THE RISE OF SOCIAL NETWORK
Historically, it used to be enough to have an
online presence on the Internet for the one-way broadcasting and dissemination
of information. Today, social networks such as Facebook and Twitter are driving
new forms of social interaction, dialogue, exchange and collaboration. Social
networking sites (referred to more broadly as social media) enable users to
swap ideas, to post updates and comments, or to participate in activities and
events, while sharing their wider interests. From general chit-chat to
propagating breaking news, from scheduling a date to following election results
or coordinating disaster response, from gentle humour to serious research,
social networks are now used for a host of different reasons by various user
communities.
Social networking services are not just bringing
Internet users into fast-flowing online conversations — social media are
helping people to follow breaking news, keep up with friends or colleagues,
contribute to online debates or learn from others. They are transforming online
user behaviour in terms of users’ initial entry point, search, browsing and
purchasing behaviour. Some experts suggest that social media will become the
Internet’s new search function — predicting that people will spend less time
navigating the Internet independently and instead search for information or
make decisions based on “word-of-mouth” recommendations from their friends, the
so-called “friend-casting”. In the process, social media are changing users’
expectations of privacy, acceptable online behaviour and etiquette — fast.
Morgan Stanley estimates that there were about
830 million “unique” users of social networks worldwide at the end of 2009.
Based on a total Internet user population of 1.7 billion at the end of 2009,
according to ITU’s World Telecommunication/ICT Development Report 2010, this
suggests that around half of all Internet users could currently be using social
media applications. Current estimates of the number of social media users vary
significantly, partly due to difficulties defining and categorizing sites and
applications as “social networks”, but also due to margins of error in
estimating the number of “unique” users (since users of one social network are
more likely to use several other social networking services as well).
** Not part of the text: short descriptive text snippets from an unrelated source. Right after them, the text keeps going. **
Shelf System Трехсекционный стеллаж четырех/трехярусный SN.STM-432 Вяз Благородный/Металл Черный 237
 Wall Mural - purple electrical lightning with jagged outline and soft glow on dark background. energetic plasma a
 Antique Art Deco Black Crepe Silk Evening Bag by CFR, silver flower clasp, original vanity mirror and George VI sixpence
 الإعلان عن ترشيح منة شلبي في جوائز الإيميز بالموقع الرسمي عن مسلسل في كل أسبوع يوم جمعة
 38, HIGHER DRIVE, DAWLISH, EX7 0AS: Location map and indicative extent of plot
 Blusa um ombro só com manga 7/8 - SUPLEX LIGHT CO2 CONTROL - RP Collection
Many social network users access these services
over their mobile phones. According to ITU’s report Measuring the
Information Society 2010, mobile broadband subscriptions reached an
estimated 640 million at the end of 2009, driven by growing demand for
smartphones, new applications and social networking services, and are set to
exceed 1 billion this year. The market research firm eMarketer projects that
just over 600 million people will use their phones to tap into social networks
by 2013, compared with 140 million in 2009. Facebook passed the historic
milestone of 500 million users on 21 July 2010 — if Facebook were a country, it
would be the third most populous nation in the world after China and India.
Twitter enables its
members to post or send short (140-character) messages called “tweets”, whereby
users can broadcast what they are doing or thinking to the world, to closed
“list” groups or to other individual Twitterers. Its original question (“What
are you doing?”) has been reinterpreted as: “What do you find interesting or
funny?”, “What do you think?” or “Please help spread the word!” (or sometimes
all three together). MySpace concentrates on music and entertainment, while
LinkedIn targets career-minded professionals. Orkut, a service owned by Google,
is used mainly in India and Brazil, while in China, Qzone is reportedly one of
the largest social networking sites with over 380 million registered accounts
now. Other community sites include Skyrock in France, VKontakte in the Russian
Federation, and Cyworld in the Republic of Korea. There are also numerous
smaller social networks that appeal to specific interests, such as
ResearchGATE, which connects scientists and researchers, or to languages or
nationalities (for example, the Polish Nasza-klasa.pl service with 11 million
users or Tuenti in Spain, with 4.5 million users).